Although the S&P 500 index dropped 22%* in Obama´s first 50 days in office, it has since regained that loss. Aled Smith, manager of the M&G American Fund (ISIN GB0030926959), says dialogue between governments suggests that much has been learnt from the protectionist mistakes of the past.
“The current bear market is the second most savage in the history of US equities with the peak to trough falls experienced exceeded only by those of the Great Depression. But the continuing dialogue between national governments, a process that Barack Obama has been pivotal in, suggests that lessons have been learnt from history and that there is a desire to not make the same mistakes made in the 1930s.
“Investors should not forget the unrivalled breadth of the US equity market and the proven ability of US companies to maximise shareholder wealth. Although market noise is likely to remain high in the short term, presenting the potential for bouts of short term disappointment, for those able to see through it and take a long term view valuations are compelling. Moreover, these opportunities can be found right across the market."
Two examples of companies Aled invests in are:
- Google, the internet search giant has appointed a new CFO who is placing a greater emphasis on the importance of reducing costs, fostering a cost conscious culture within the company which has been missing thus far as the company focused on aggressive growth. That said, this has not come at the expense of the company´s growth prospects. The company has already invested a lot of capital in developing the next generation of web based services and software platforms such as its Android mobile phone user interface.

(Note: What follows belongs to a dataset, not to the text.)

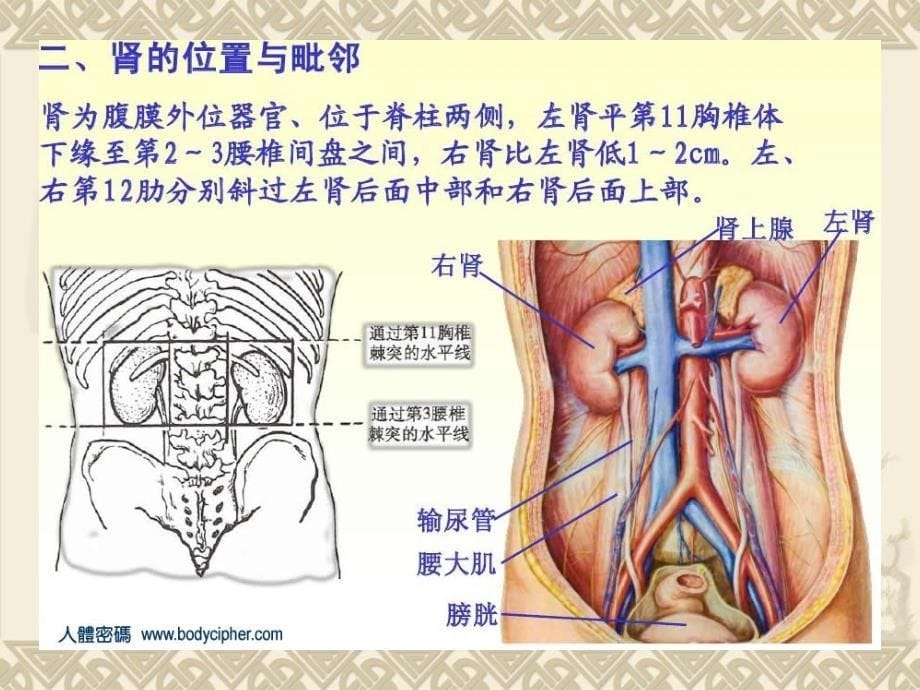 肾切开取石术的手术配合ppt培训课件_第5页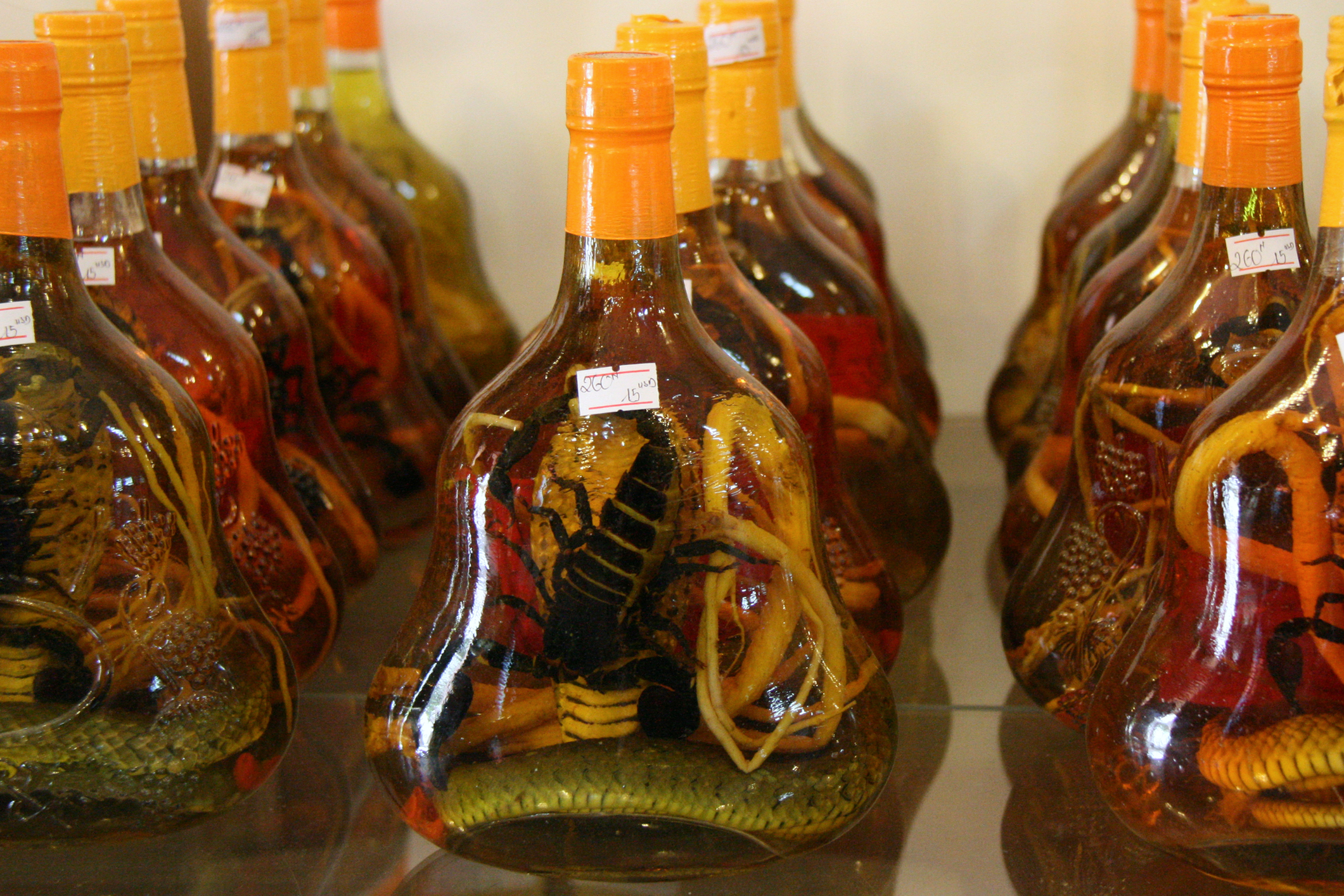  Liquor bottle with snakes and scorpions inside in North Vietnam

The company´s current valuation gives no recognition to the potential monetisation of any of these products.
- Coca-Cola, soft drinks company and the world´s most recognised brand, has seen its value fall as investors have chosen to judge the company based on falling sales of carbonated soft drinks, particular in its home market. However we believe that the true value of the company lies in the unequalled reach of it´s distribution business. This enables the company to maximise the opportunities presented by higher growth products, such as its vitamin water offerings. This should enable the company to sustain the high returns that it has generated for many years.